My mother bore the brunt of my rebellious ways for most of my childhood. The typical day would start with her coming to wake me for school around 6:30 am. I am not, nor have I ever been, a morning person, so being roused at that ungodly hour was pretty painful and often unsuccessful. If my bedroom lights didn’t go on within about 10 minutes, my mom would come in again. And again. And again.

And each morning, in a perverse need to buck authority, I would lay in bed, wide-awake, dreading the moment my mom poked her head back into my room, yet still refusing to rise. The more times she came in, the longer I would wait to get up. I would court detention, bad hair and the loss of Krispy Kreme donuts on the way to school, all just to thwart my mom. Eventually, however, I would huff out of bed, dress in whatever Molly Ringwald-inspired ensemble I planned to wear to school that day and spend another day enjoying a top-notch education at Tuscaloosa County High School, aka “Redneck Tech.”

Luckily, my irascibility died down considerably after I completed puberty. I’m not sure I would have survived in my household much longer if it hadn’t. And let’s be clear, there’s not a jury alive that would have convicted my mom. I do still hate mornings and, on occasion, tilt at an authoritative windmill, but — and this may be hard to believe — I’ve actually mellowed with age.

So imagine my delight when I recently discovered a whole group of people who share my contrarian bent. No, it’s not teenagers at the ice skating rink. It’s investors.

It seems the current administration has boiled down its environmental, social, and governance agenda to a Regina George meme: “Stop trying to make ESG happen! It’s not going to happen.” Rather than being cowed into submission by this Mean Girls approach, investors have opted to put their money where their values are. Responsible investing funds, which invest based on values rather than strictly on valuations, attracted more cash in the first four months of 2017 than they did in all of 2015. And it’s a trend that is unlikely to abate any time soon.

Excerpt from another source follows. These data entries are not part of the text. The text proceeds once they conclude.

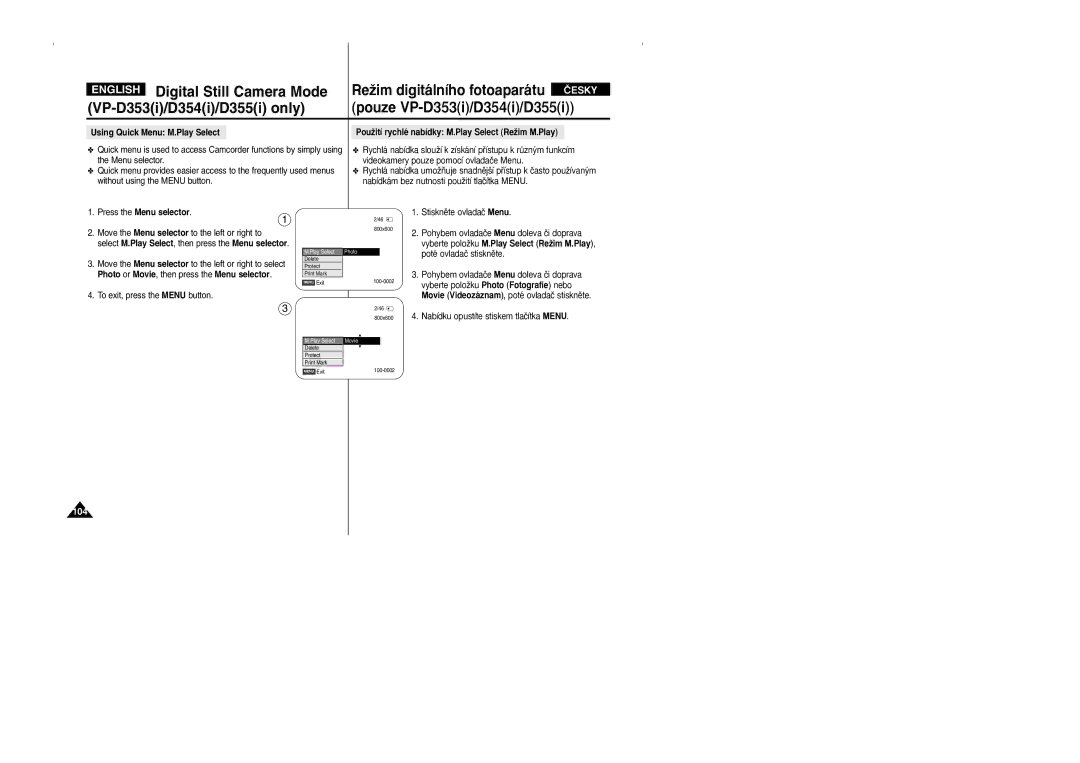 Samsung VP D 352 i Photo or Movie, then press the Menu selector, Move the Menu selector to the left or right to select 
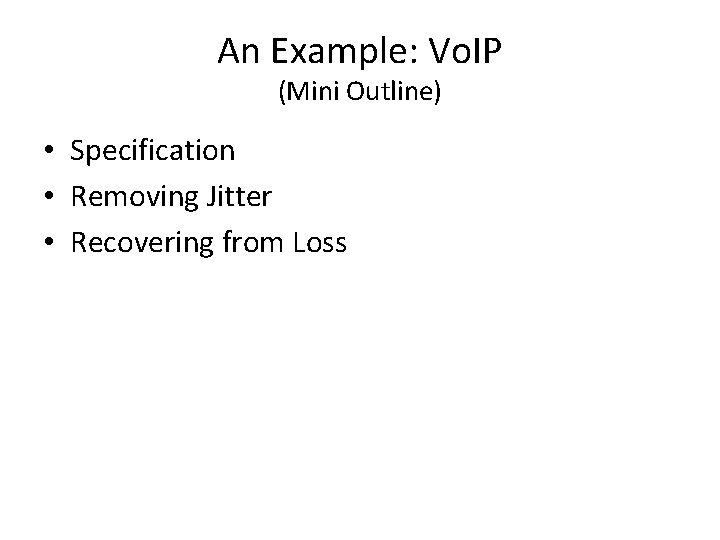 An Example: Vo. IP (Mini Outline) • Specification • Removing Jitter • Recovering from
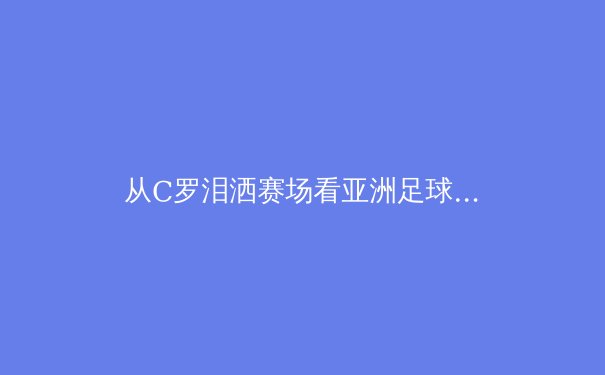 从C罗泪洒赛场看亚洲足球的崛起与挑战：世界杯背后的战略博弈 - 3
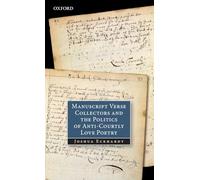 Manuscript Verse Collectors and the Politics of Anti-Courtly Love Poetry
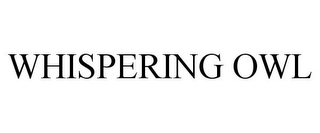 WHISPERING OWL Trademark Image
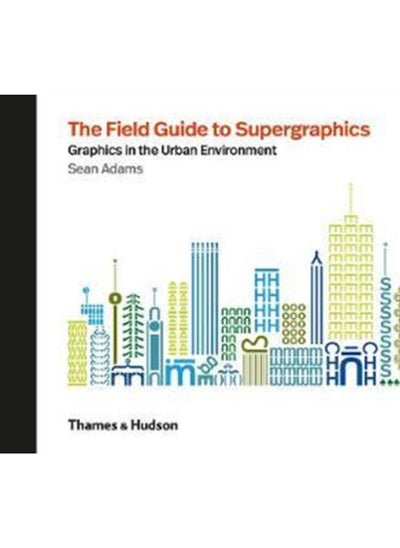 Buy The Field Guide to Supergraphics : Graphics in the Urban Environment in Saudi Arabia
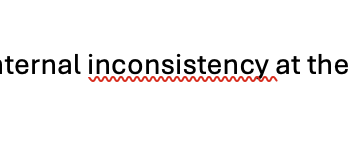 Every so often MS Word randomly picks a word with which to gaslight me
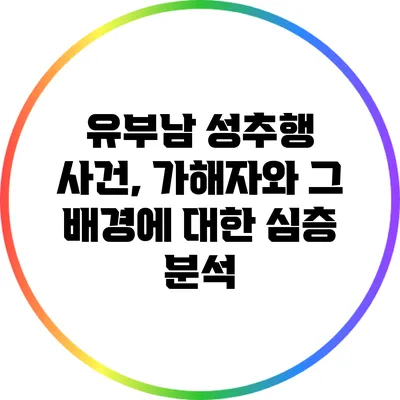유부남 성추행 사건, 가해자와 그 배경에 대한 심층 분석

One reason for the growth in responsible investing is changing demographics. Where only 36 percent of baby boomers say they use investment decisions to express their social, environmental, or political values, a survey by U.S. Trust found 67 percent of millennials do. For wealthy millennials — no, they’re not all living in their parents basement — a recent survey by OppenheimerFunds and Campden Research found 72 percent think social value creation is very important to their investment decisions. Even three quarters of Generation X, those cynics raised on a steady diet of ennui and Reality Bites, stated they would rather invest in companies that have a positive impact than ones that are negative.

Furthermore, in almost every survey I’ve seen, women also seem to be pretty keenly interested in responsible investing. A recent Natixis survey found 81 percent of women polled think it is important to invest in ethically run companies. This is critical for companies and the investment industry to note, as 45 percent of U.S. millionaires are now women and the number of wealthy women is growing nearly twice as fast as the number of wealthy men. By some estimates, women will control two thirds of the country’s wealth by 2030.

Consequently, the popularity of responsible investing strategies seems destined to intensify at a time when research has started to show, perhaps contrary to popular belief, that responsible investors don’t automatically take a performance hit for their troubles. A recent Bank of America Merrill Lynch Global Research study showed that investors who consider ESG factors are “less likely to buy shares in companies with volatile stocks [and] less likely to buy into companies headed toward bankruptcies,” according to a New York Times report. A separate Goldman Sachs study found that companies with higher levels of female employees have generated average annual alpha of 3.3 percent, and companies with low carbon emissions created 3.1 percent alpha in most non-manufacturing sectors.

Obviously, there is a lot of research that remains to be done on the various subsectors of responsible investing: ESG, impact investing, socially responsible investing, and mission related investing. One could also argue that the available data is just now getting to a point of statistical significance, and that there is an overall lack of consensus about all things “responsible investing,” from terminology to performance to fees to shared values. But for now it would seem investors have uncovered a wonderful opportunity that definitely eluded me in my youth: the ability to be a bit contrary and make some money at the same time. And no one has to nag them into doing it.

Meredith Jones researches and blogs about investing and is the author of Women of The Street: Why Female Money Managers Generate Higher Returns (and How You Can Too).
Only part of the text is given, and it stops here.